Notwithstanding our past disinclination to address the significant inequities caused by general municipal immunity and the governmental/proprietary distinction, we should do so now. See Molitor, 163 N.E.2d at 96 (upon determining that judicially created doctrine is unsound and unjust, court has duty to respond; courtroom doors were closed, and likewise may be opened, without legislative help); *288Enghauser Mfg. Co. v. Eriksson Eng’g, 451 N.E.2d 228, 230-31 (Ohio 1983) (court has not only power but duty to evaluate its own doctrine of municipal immunity in light of reason and logic, and actions, functions and duties of municipalities in twentieth century); see also Stone v. Arizona Highway Comm’n, 381 P.2d 107, 113 (Ariz. 1963) (reconsidering previous decisions that deferred issue to legislature, and concluding that court had power to abrogate judicially created immunity); Haney v. City of Lexington, 386 S.W.2d 738, 741 (Ky. 1964) (retracting earlier decision deferring to legislature on question of whether to abrogate judicially created immunity doctrine); Merrill v. City of Manchester, 332 A.2d 378, 382 (N.H. 1974) (reversing previously stated position that question of expanding municipal liability is matter for legislature); Ayala v. Philadephia Board of Pub. Educ., 305 A.2d 877, 886 (Fa. 1973) (abrogating governmental immunity notwithstanding suggestions in earlier decisions that legislature should take up issue).

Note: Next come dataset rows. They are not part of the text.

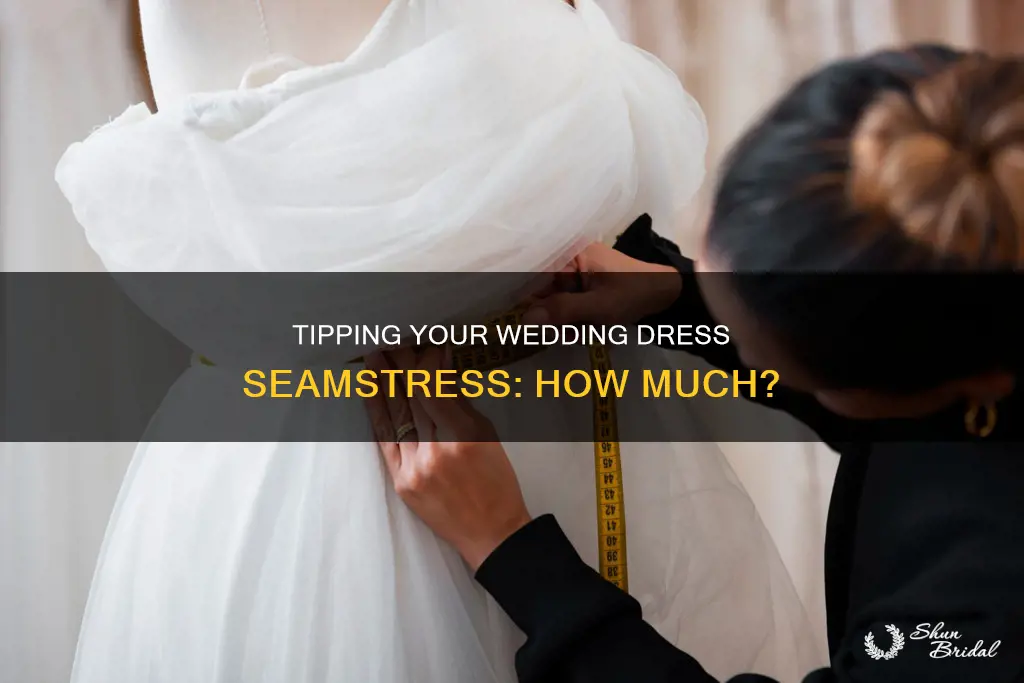 how much to tip seamstress for wedding dress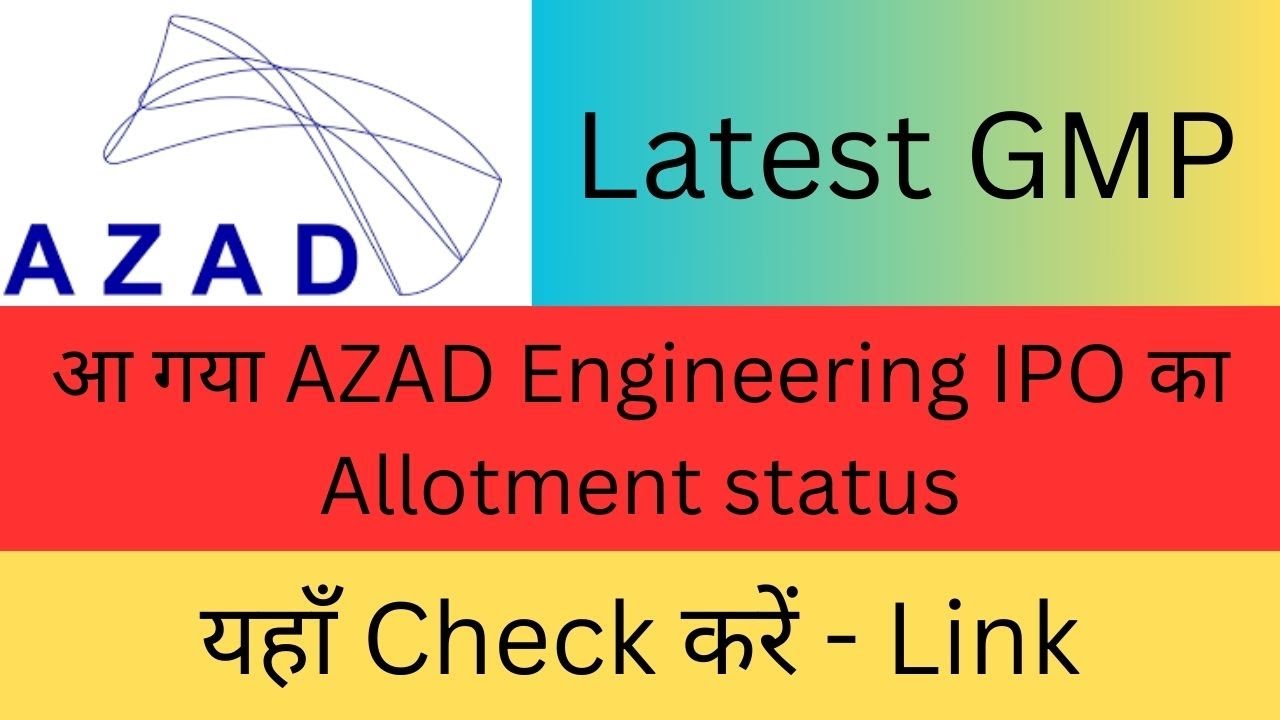 How to check Azad engineering ipo allotment status | AZAD Engineering ipo Latest GMP | Link |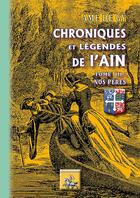 Couverture du livre « Chroniques et légendes de l'Ain t.3 ; nos pères » de Ame De Gy aux éditions Editions Des Regionalismes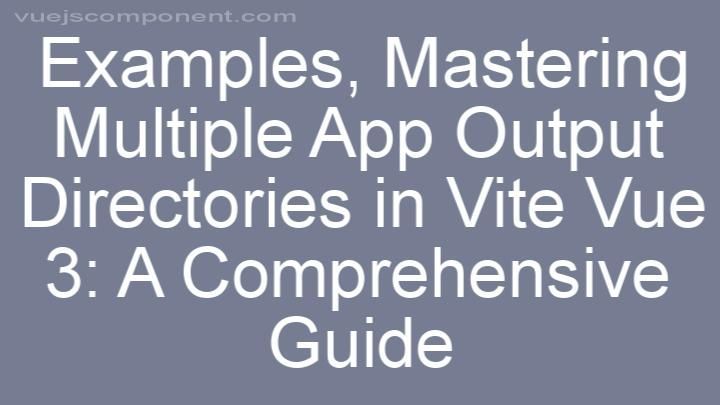 Mastering Multiple App Output Directories in Vite Vue 3: A Comprehensive Guide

The Legislature has never explicitly or implicitly endorsed general municipal immunity or the governmental/proprietary distinction. At best from the Town’s perspective, the Legislature has merely recognized the existence of the court-originated doctrine of municipal immunity and enacted statutes that, for the most part, limit its reach. See Molitor, 163 N.E.2d at 92 (statutes limiting reach of municipal liability do not demonstrate legislative adoption of general municipal immunity); Davies v. City of Bath, 364 A.2d 1269, 1271 (Me. 1976) (statutes intended to curtail harsh effects of municipal immunity did not transform doctrine from court-made rule to legislative policy); Kitto v. Minot Park District, 224 N.W.2d 795, 802 (N.D. 1974) (statutes restricting judicially created municipal immunity do not demonstrate legislative approval of doctrine). In contrast to its comprehensive treatment of state sovereign immunity in the Tort Claims Act, 12 V.S.A. §§ 5601-5606, the Legislature’s sporadic and patchwork response to the judicial doctrine of municipal immunity, designed for the most part to alleviate the doctrine’s harsh results, does not demonstrate its endorsement of general municipal immunity. See Parish, 429 S.W.2d at 48 (only comprehensive enactment encompassing entire field would warrant inference that legislature had adopted judicially created doctrine of municipal liability); Muskopf, 359 P.2d at 461 (absent comprehensive legislative enactment concerning municipal immunity, as opposed to sporadic statutes affecting doctrine, court is not precluded from abrogating judicially created doctrine). Ironically, it is possible that the Legislature has not acted *289to abolish or revamp municipal immunity and the accompanying governmental/proprietary distinction for reasons similar to those cited by the majority — a misplaced deference to a longstanding court doctrine. See Haney, 386 S.W2d at 741 (legislature might expect courts themselves to correct unjust rule that was judicially created); Jackson v. City of Florence, 320 So. 2d 68, 73 (Ala. 1975) (accord); Merrill, 332 A.2d at 382 (accord).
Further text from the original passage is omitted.